The Power of Self Talk

We are the biggest cheerleaders of others. We sing the praises of our family, friends and co-workers. But why is it that sometimes we struggle to do this for ourselves?  In the back of our mind, our self-conscious, we can tell ourselves, we are excited, smart, brave, willing and capable – I can do this. Or, maybe we tell ourselves that we are not smart, strong, brave, or attractive enough, to face challenges and dreams the way others do – I can’t do this. It is this voice that tells us what we think, can do, be, or become. So, who controls that voice? You do.

There are two types of self talk – negative and positive. Negative self talk is much easier than positive and sadly comes naturally to most of us at one point or another in our life. Our inner voice is what sets us apart from others and will lead us to a dark place or a healthy path.

Obviously, we all recognize that positive self talk is the healthy way of looking at life and how to deal with what it throws at you. But what if you get stuck in a negative cycle? How do you get out before it creates anxiety and depression?

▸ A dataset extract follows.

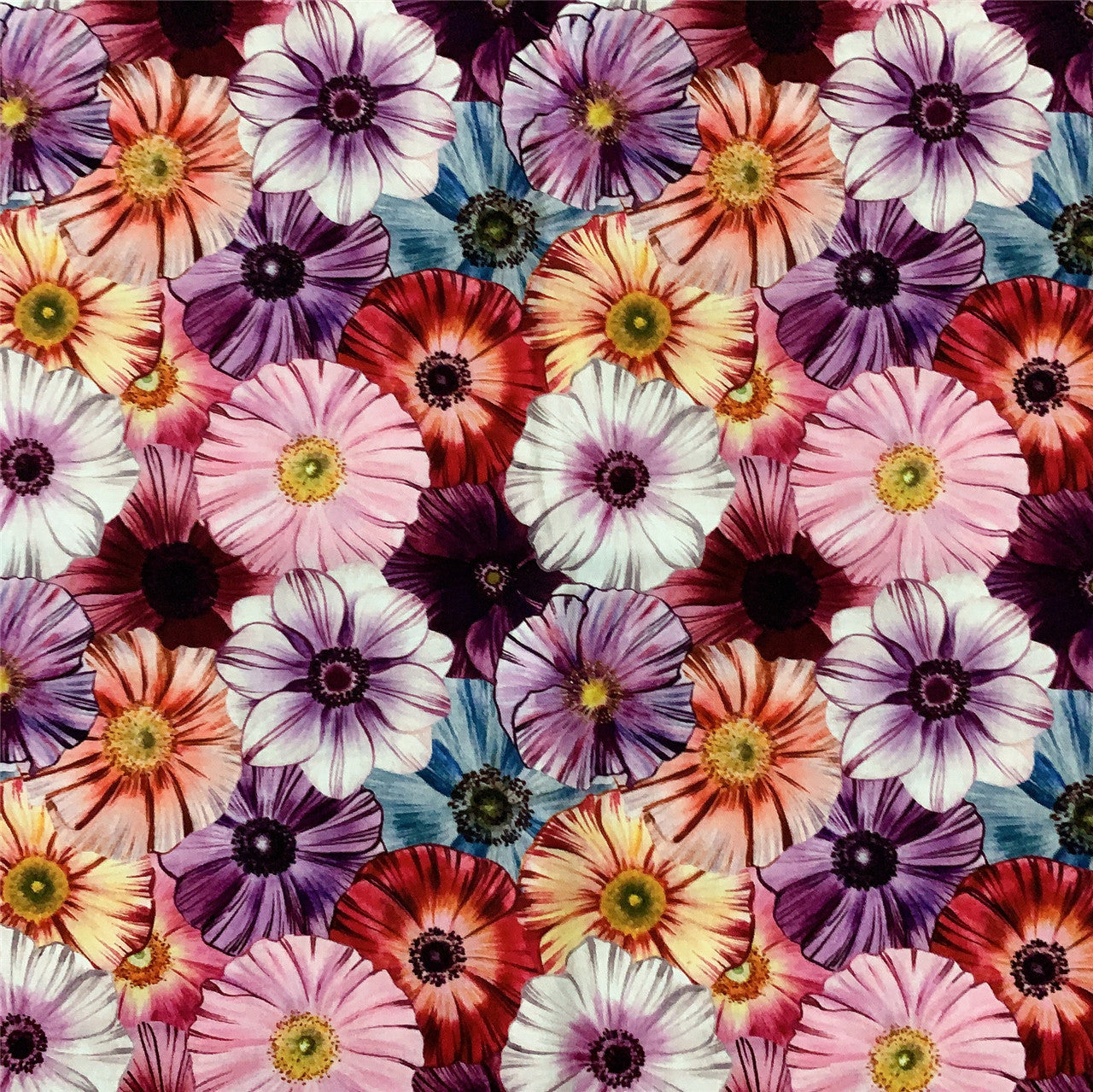 Beautiful Floral flower 100% Cotton Fabric Patchwork Sewing Material Diy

The first thing we must do is recognize negative self talk. Here are two examples.

  • I think I have an idea how we could save some time on this project, but I am not the smartest in the group. It’s probably not a good idea anyway, and I don’t want to look stupid. I just won’t say anything.
    • I have a great idea how we could save some time on this project. I am excited to share my ideas and discuss it with my colleagues.

It is easy to see which one of these statements are negative, so how do we switch the conversation in our brain? It starts with how you think about a situation. When negativity creeps in, take a breath, step back, and ask yourself these questions. These are referred to as Stop Techniques and can help switch from a negative to positive thought pattern.

  • Did I overreact?
  • Did I jump to a conclusion?
  • Am I thinking about this too much?
  • Is what I understand the truth?
  • Is this really a crisis or is it an opportunity?
  • Am I being harsh on myself?
  • Is the way I feel today influencing my thoughts?
  • Do people really think this way about me or is this my opinion of myself?
  • Listen for words such as, never, no one, always, or can’t.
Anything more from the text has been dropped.